A thoughtful—and most thought-provoking—exploration of where our inventions have taken and will take us.



A pleasingly eccentric, impossibly wide-ranging tech treatise/memoir.

Dyson, an independent historian of technology and son of noted physicist Freeman and brother of tech maven Esther, opens his account of the arc of technology with Gottfried Leibniz, who, after vying with Isaac Newton to invent calculus, took a commission from Peter the Great of Russia that had several elements: one, to mount an expedition to Siberia, find out if and where Asia meets North America, and claim some land; two, to found a Russian academy of sciences to jump-start scholarship there; and three, to use computers to build “a rational society based on science, logic, and machine intelligence.” Thus the opening of one of the four ages, by Dyson’s count, of technology, another of which we’re just entering, one inaugurated when “machines began taking the side of nature, and nature began taking the side of the machines.” Racing from the Stone Age to the coming singularity, Dyson is in fine fettle.
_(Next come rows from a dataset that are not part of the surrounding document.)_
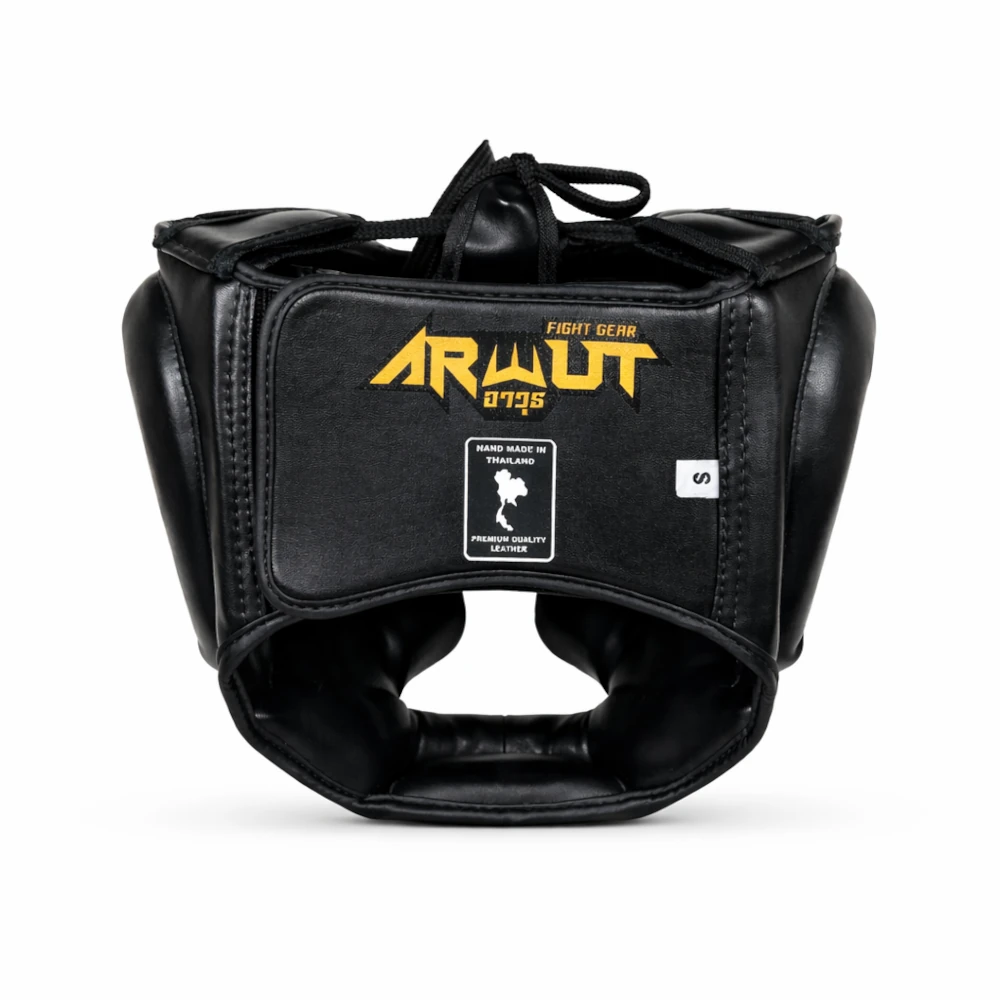 Black boxing headgear with 'ARWUT' branding on a white background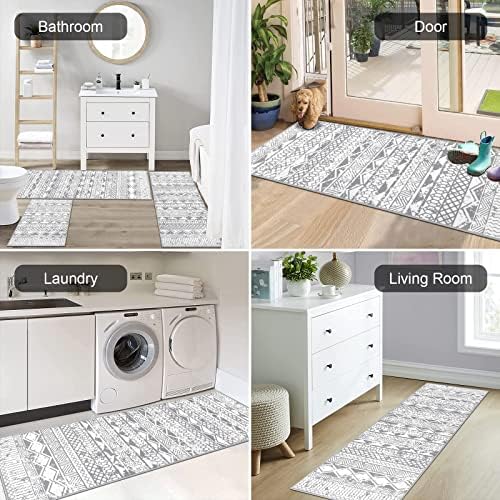 HEBE Boho Kitchen Rugs Set of 3, Non Slip Washable Kitchen Mats for Floor - Image 5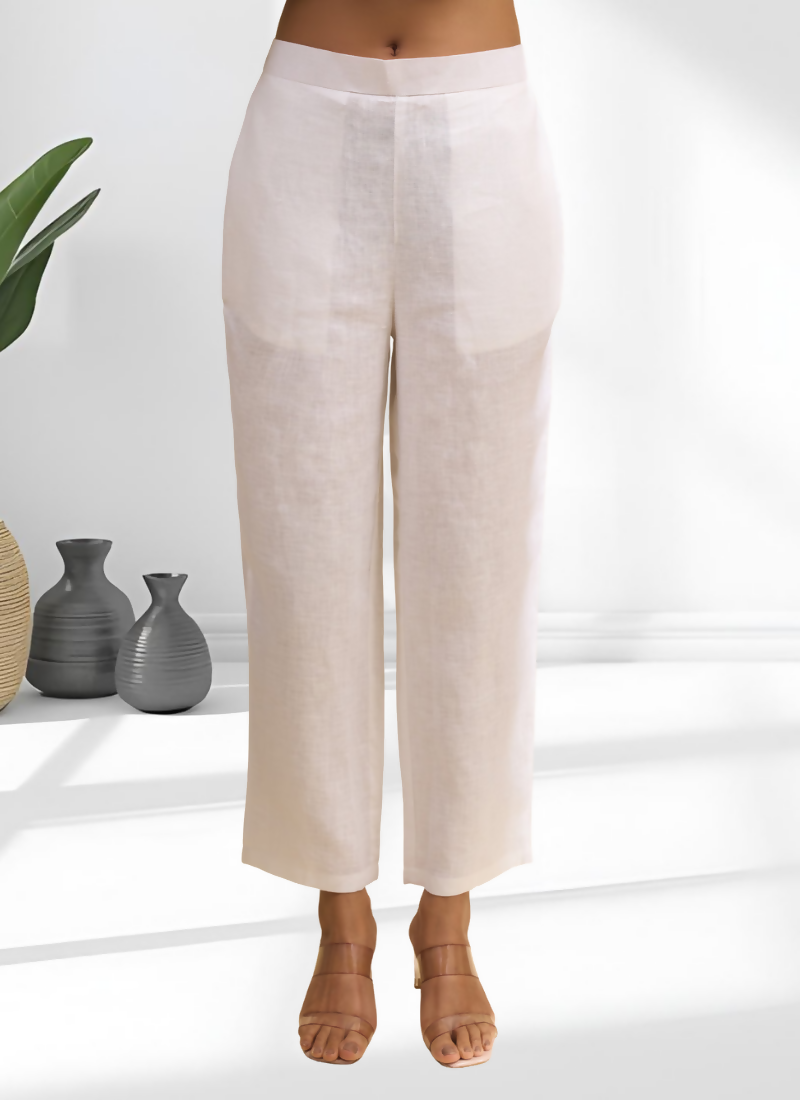 Joban Fashion Off White Linen Embroidered Readymade Cord Set - Distacart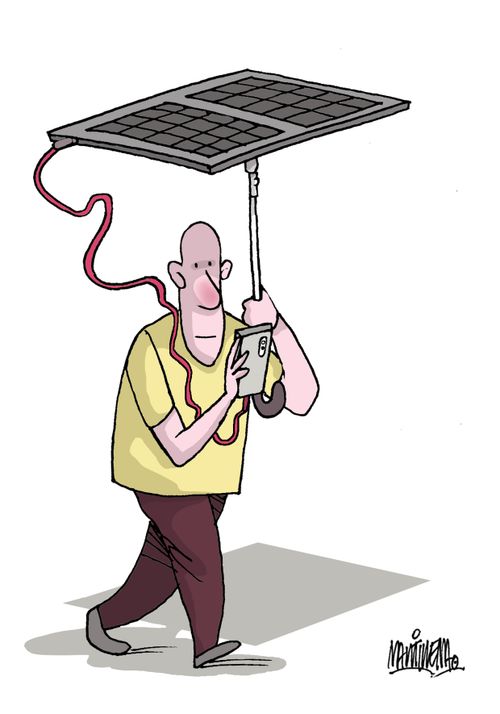 Renewable energies and mobile telephones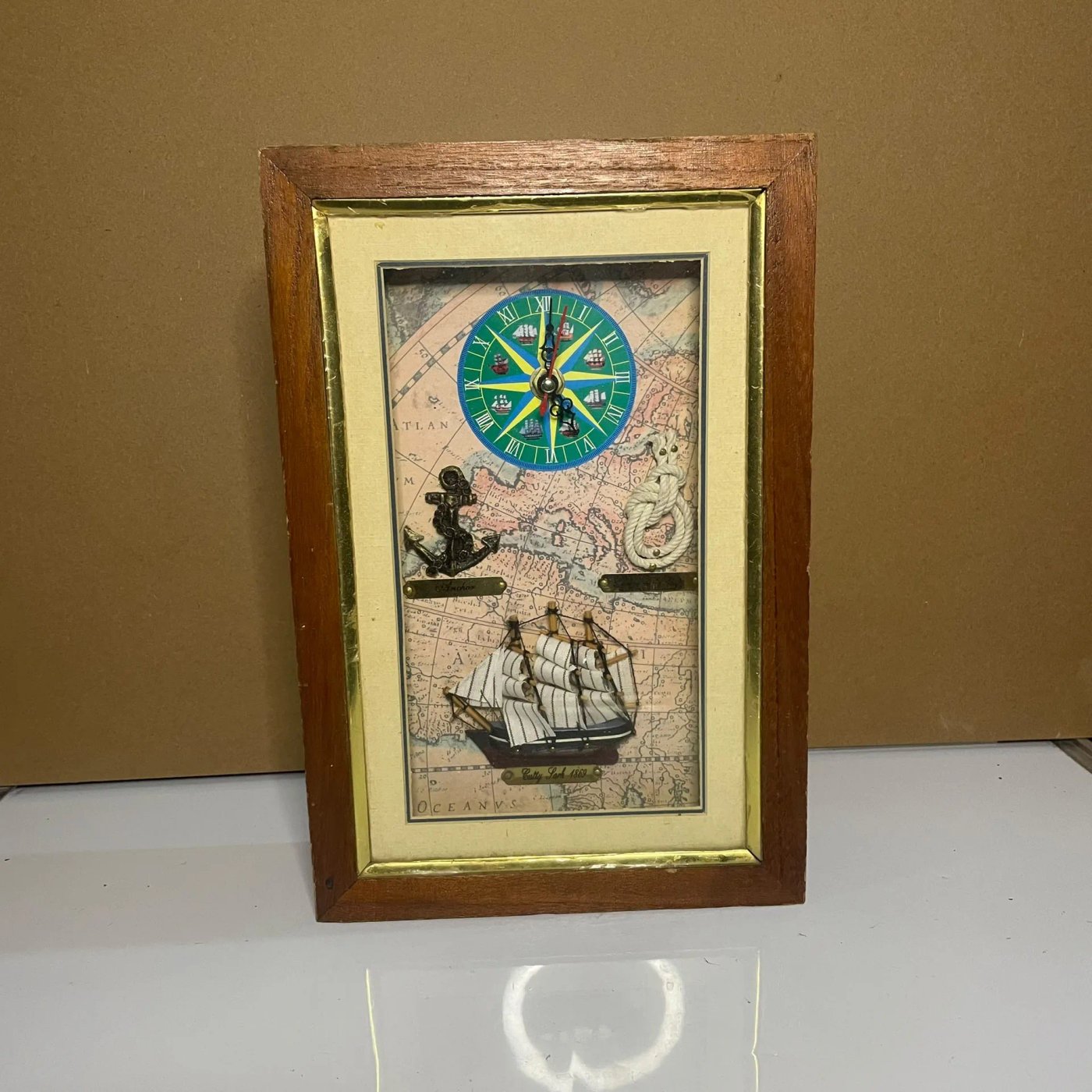 Reloj de Pared Porta Llaves Decorativo con Diseño Náutico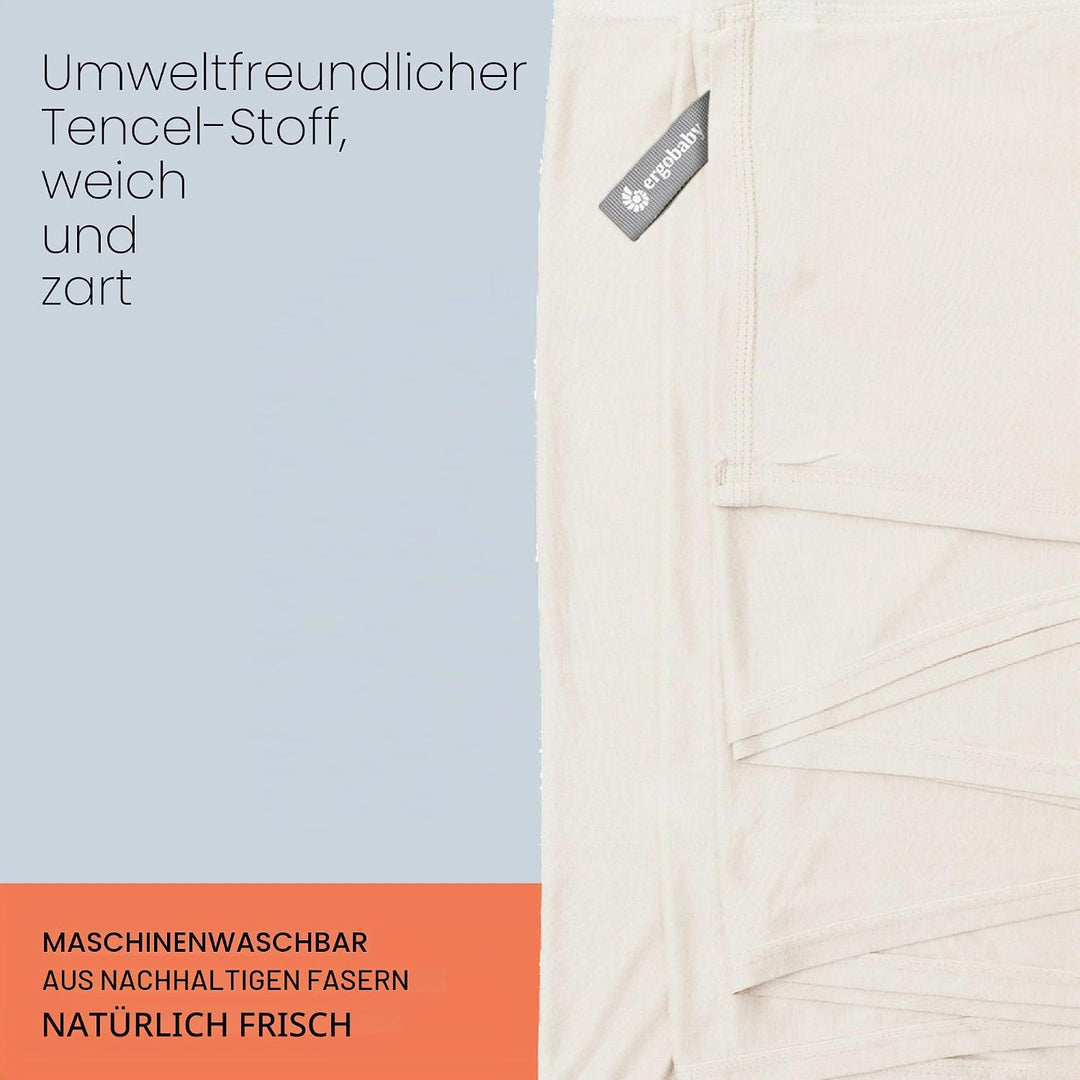 Ergobaby Babytragetuch für Neugeborene ab Geburt bis 11,3 kg, Aura Mesh Tragetuch aus recyceltem Pol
Leibniz figures, but so does the author’s beloved kayak-building hobby. So, too, does the Apache warrior Geronimo, who occasioned the development of a technology that prefigures the modern age of communicating devices—from heliograph to iPhone, that is, and in mighty leaps of prose (but never logic). “Nothing is to be gained by resisting the advance of the discrete-state machines,” Dyson memorably writes, “for the ghosts of the continuum will soon return, when the grass is eight inches high in the spring.” With luck, the machines will tolerate us, for the culminating point in Dyson’s lively, if deeply strange, narrative is that the intelligence of tomorrow will not be human alone but will be shared with machines and nature (plants and animals and microbes and such) in time to come, fulfilling Leibniz’s dream.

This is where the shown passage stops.